(Captioned web images)
|---|
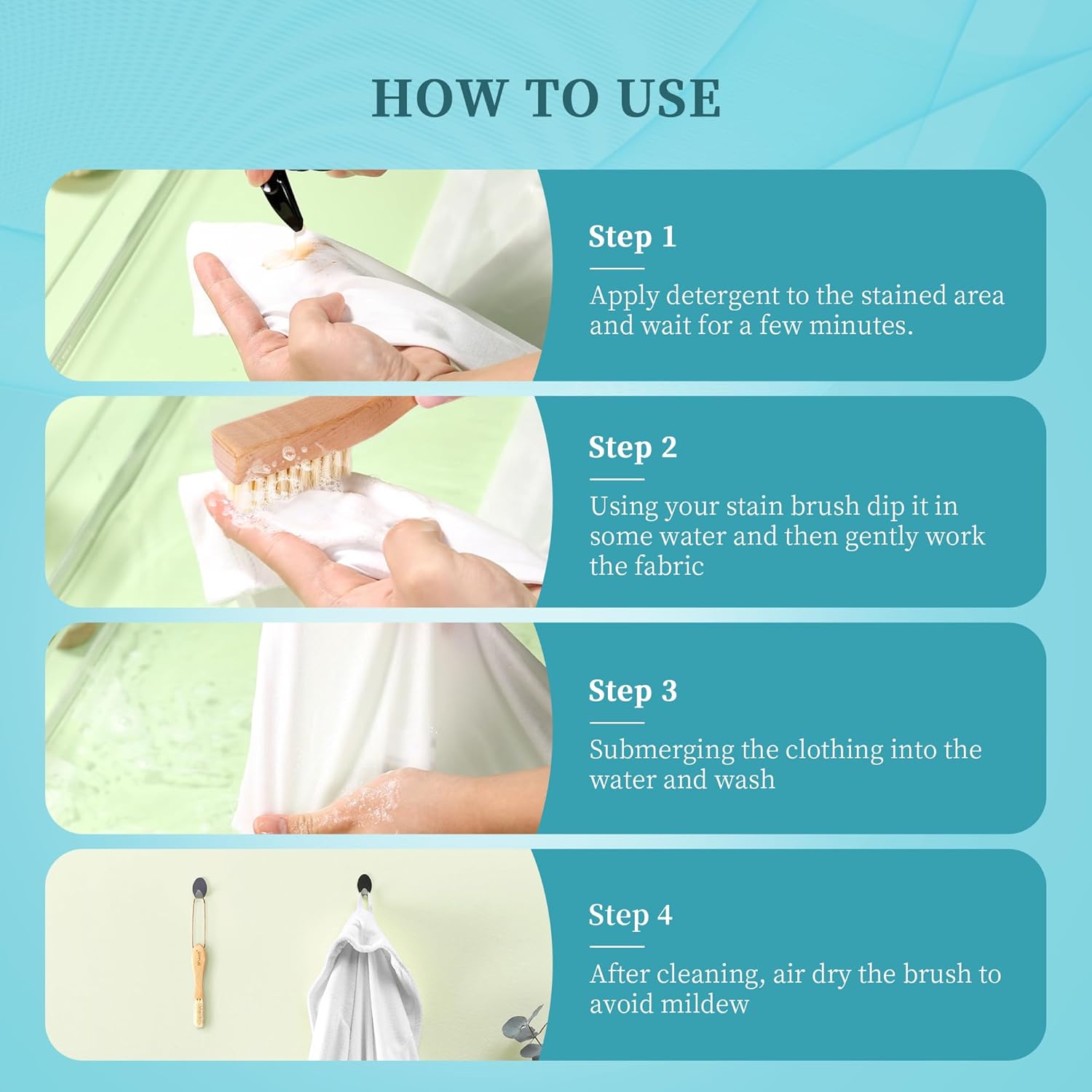 Laundry Stain Brush – Natural Soft Boar Bristles for Tough Stains No Damage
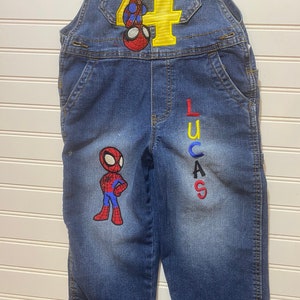 Spiderman Birthday Overalls/Spiderman Birthday Outfit/Spiderman and Friends Birthday Overalls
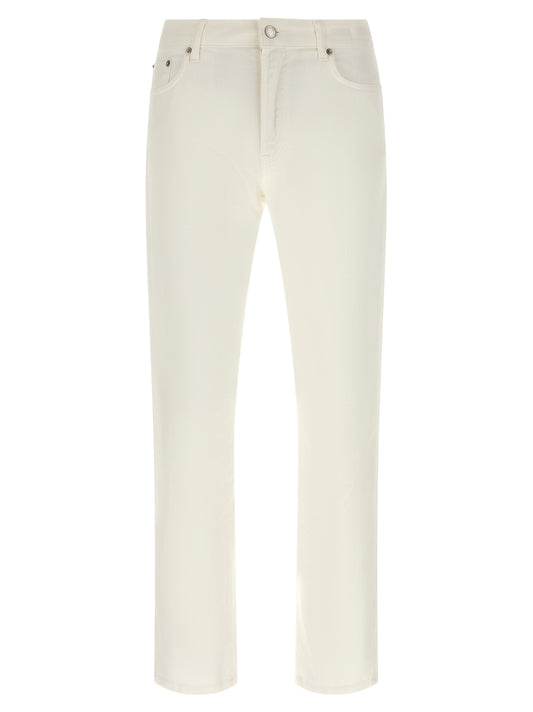 Department 5 White Cotton Straight-Leg Jeans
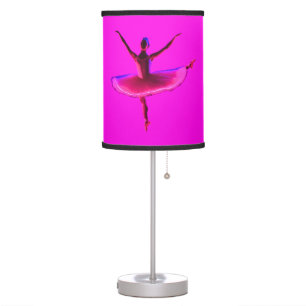 Ballet Ballerina Pose Glowing Violet Colors Table Lamp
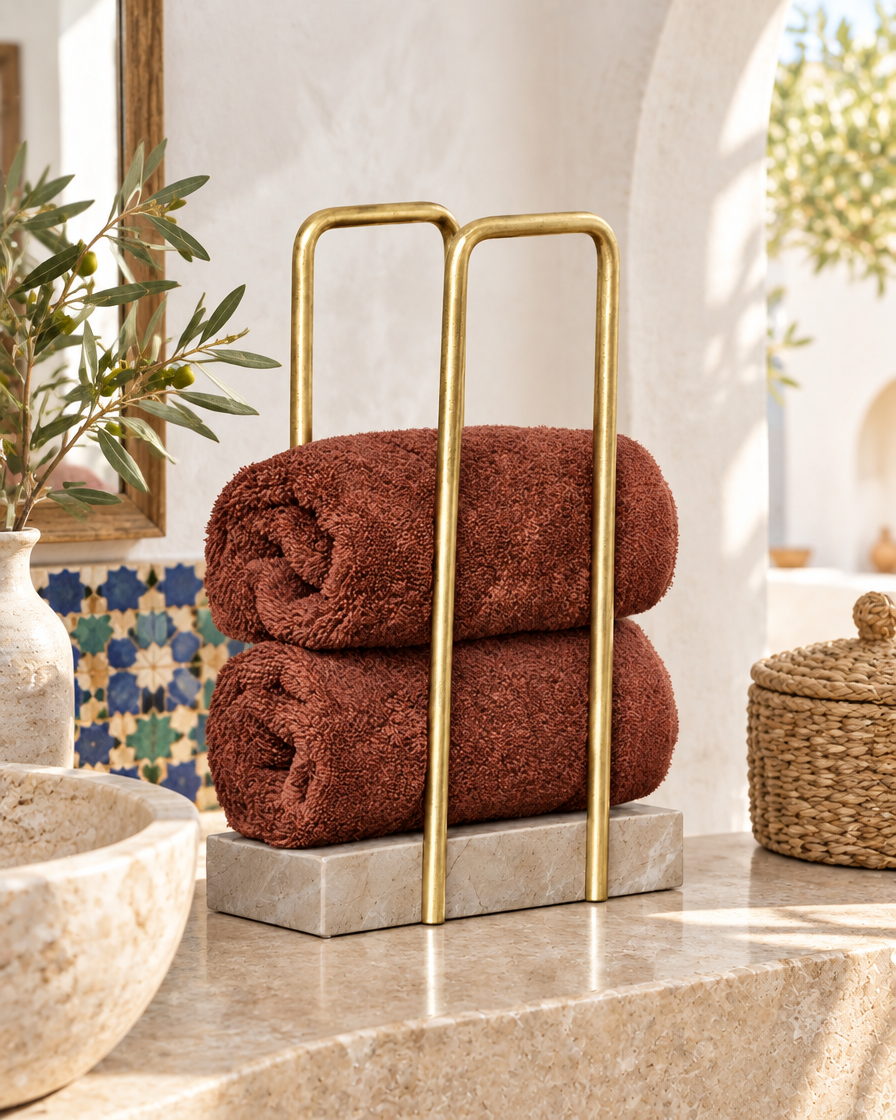 Support serviettes marbre & doré — en situation dans un intérieur tunisien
|---|
The response should be the lines from the one containing "Department 5 White Cotton Straight-Leg Jeans" through the final line of the records, reproduced exactly and with every picture left out.

 Department 5 White Cotton Straight-Leg Jeans
 Ballet Ballerina Pose Glowing Violet Colors Table Lamp
 Support serviettes marbre & doré — en situation dans un intérieur tunisien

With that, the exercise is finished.